Il ressort des pièces du dossier que M. B..., ressortissant albanais titulaire d’un titre de séjour mention « salarié » expirant le 6 août 2025, a déposé le 9 mai 2025, sur l’interface « Démarches simplifiées » une demande en vue d’obtenir un rendez-vous pour solliciter un renouvellement de ce titre de séjour avec changement de statut, en vue de se voir délivrer un titre de séjour mention « vie privée et familiale ». Malgré plusieurs relances de sa part, aucun rendez-vous ne lui a été fixé.

En l’espèce, du fait de ce changement de statut, M. B... ne bénéficie pas de la présomption d’urgence qui s’attache à une demande de renouvellement de titre de séjour. Toutefois, il résulte de l’instruction que M. B... a été recruté en contrat à durée indéterminée en qualité de maçon à compter du 6 janvier 2025, que son titre de séjour est désormais expiré, et qu’en l’absence de titre de séjour valide son contrat de travail est suspendu, ce qui compromet son activité professionnelle. Dans ces conditions, et alors que la préfète du Rhône n’a apporté aucune contradiction en défense, la condition d’urgence fixée par les dispositions de l’article L. 521-3 du code de justice administrative doit, dans les circonstances de l’espèce, être regardée comme remplie.

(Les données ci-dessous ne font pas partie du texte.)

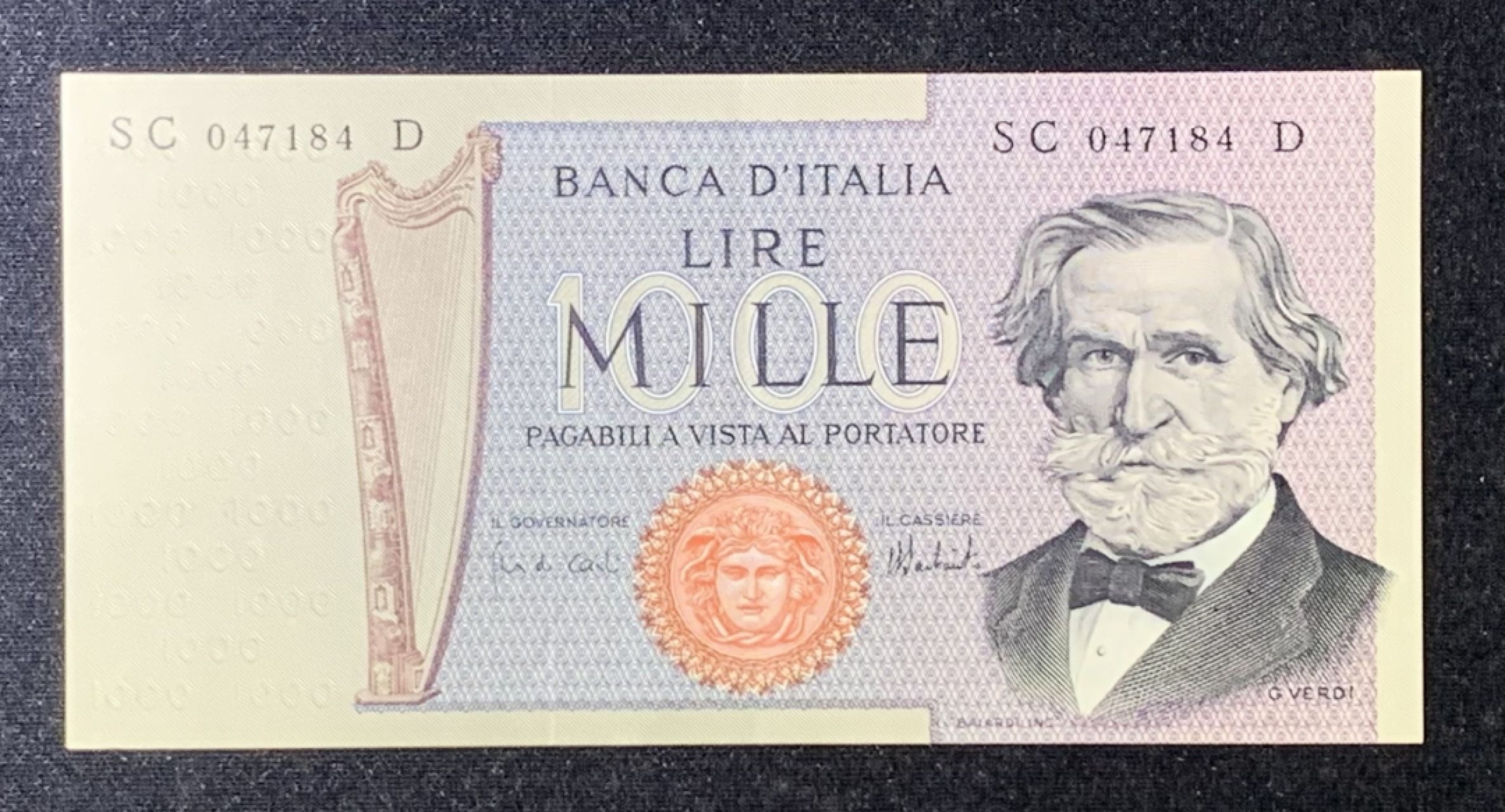 紫瑗钱币——第274期拍卖—纸币场 意大利 1975年 威尔第 1000里拉 红包折 UNC-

La mesure sollicitée étant par ailleurs utile et ne se heurtant à aucune contestation sérieuse, il y a lieu d’enjoindre à la préfète du Rhône de convoquer M. B... dans le délai d’une semaine à compter de la notification de la présente ordonnance, afin qu’il puisse faire enregistrer sa demande de titre de séjour, ce rendez-vous devant intervenir dans un délai n’excédant pas un mois. Dans les circonstances de l’espèce, il n’y a pas lieu d’assortir cette injonction d’une astreinte. Par ailleurs, il n’y a pas lieu en l’état, et avant le dépôt de cette demande et de la vérification de son caractère complet, d’enjoindre à l’administration de délivrer un récépissé à M. B....

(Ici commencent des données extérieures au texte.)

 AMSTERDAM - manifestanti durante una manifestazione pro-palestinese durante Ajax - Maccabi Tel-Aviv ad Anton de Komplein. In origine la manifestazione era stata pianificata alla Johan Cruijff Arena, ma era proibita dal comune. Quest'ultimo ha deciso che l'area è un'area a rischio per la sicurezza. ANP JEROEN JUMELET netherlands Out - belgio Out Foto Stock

Il y a lieu, dans les circonstances de l’espèce, de mettre à la charge de l’Etat la somme de 500 euros à verser à M. B... au titre de l’article L. 761-1 du code de justice administrative.


O R D O N N E :


Article 1er : Il est enjoint à la préfète du Rhône de communiquer à M. B... une date de rendez-vous en vue du dépôt de sa demande de titre de séjour, dans un délai d’une semaine à compter de la notification de la présente ordonnance, ce rendez-vous devant intervenir dans un délai d’un mois.

Article 2 : L’Etat versera à M. B... la somme de 500 euros au titre de l’article L. 761-1 du code de justice administrative

Article 3 : Le surplus des conclusions de la requête est rejeté.

Article 4 : La présente ordonnance sera notifiée à M. A... B..., au ministre de l’intérieur et à la préfète du Rhône.


Fait à Lyon, le 7 octobre 2025.


La juge des référés,





P. Dèche



La République mande et ordonne au ministre de l’intérieur, en ce qui le concerne ou à tous commissaires de justice à ce requis en ce qui concerne les voies de droit commun contre les parties privées de pourvoir à l’exécution de la présente décision.